The sun was beginning to set. Both creatures were tired. Ozmanthus began to yell for their family, for them to find them and help them kill the wolf. In turn the wolf began to howl. Perhaps it was because they were too exhausted for the howl to rip through them or maybe they were simply fading into sympathy for the beast they were entwined with; rather than the screams of the dead, Ozmanthus only heard a resounding tiredness within the howl, a plea for rest. It quieted Ozmanthus’s own screams. It moved them enough to stroke the beast’s cheek with the same reverence they gave to their mother when she was in labor with the twins. Once again they met the beast’s eye and instead of that pull Ozmanthus felt a warmth. A question laid within that stare. A resolution seemed to follow in the strange crack of the air that only Ozmanthus could hear. 

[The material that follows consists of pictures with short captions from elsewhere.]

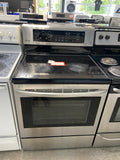 Stainless LG LRE3193ST/00 Glass Top Stove (Refurbished)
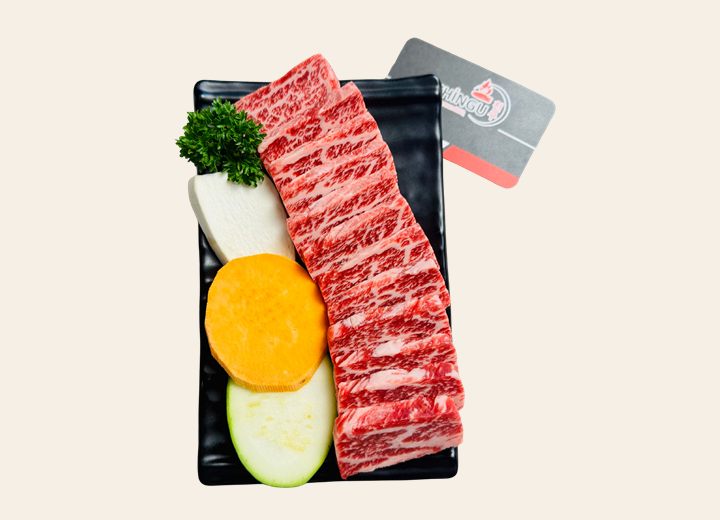 Wagyu Short Ribs at Chingu Moonee Ponds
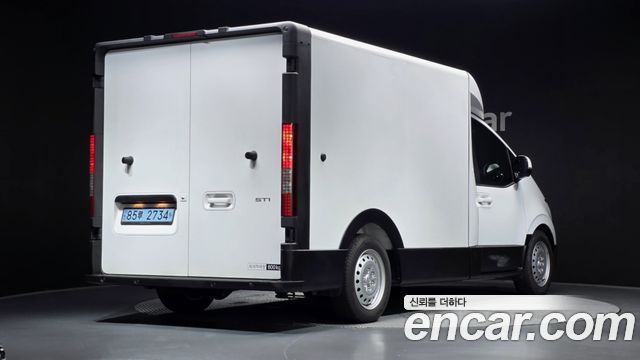 Hyundai ST1 Cargo Freezer Container Premium - фото 1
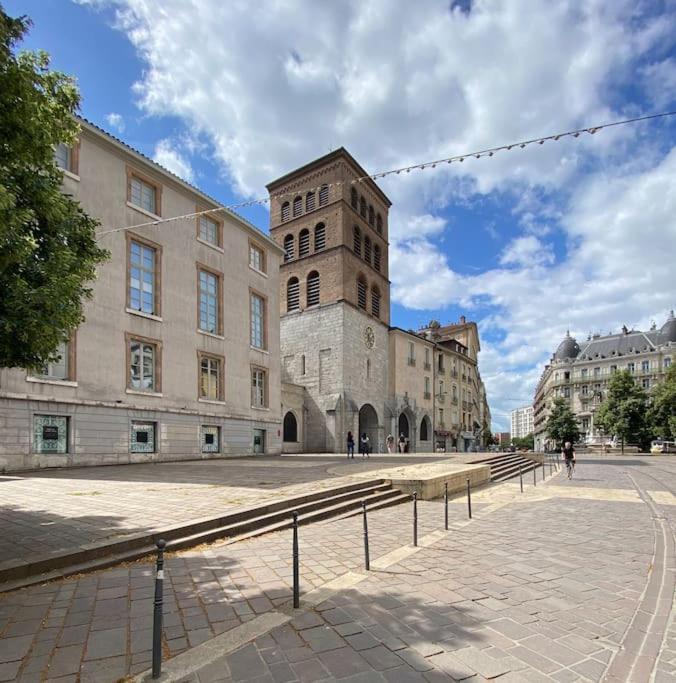 Centre-Ville Historique Γκρενόμπλ Εξωτερικό φωτογραφία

“Ozzy!” Pa had his gun in hand, but his eyes were on Ozmanthus rather than the wolf. 

In the second it took Ozmanthus to look up at their pa, the wolf wriggled itself loose from their tired arms and sprinted into the distance. Pa dropped his gun and ran to check on Ozmanthus, began tending to their scraped arms. He was saying something to them. Something about Atticus. Something about not caring as long as Ozmanthus was alive and safe. All Oz could do was stare off to where the wolf had disappeared.

They will learn what resolution it came to.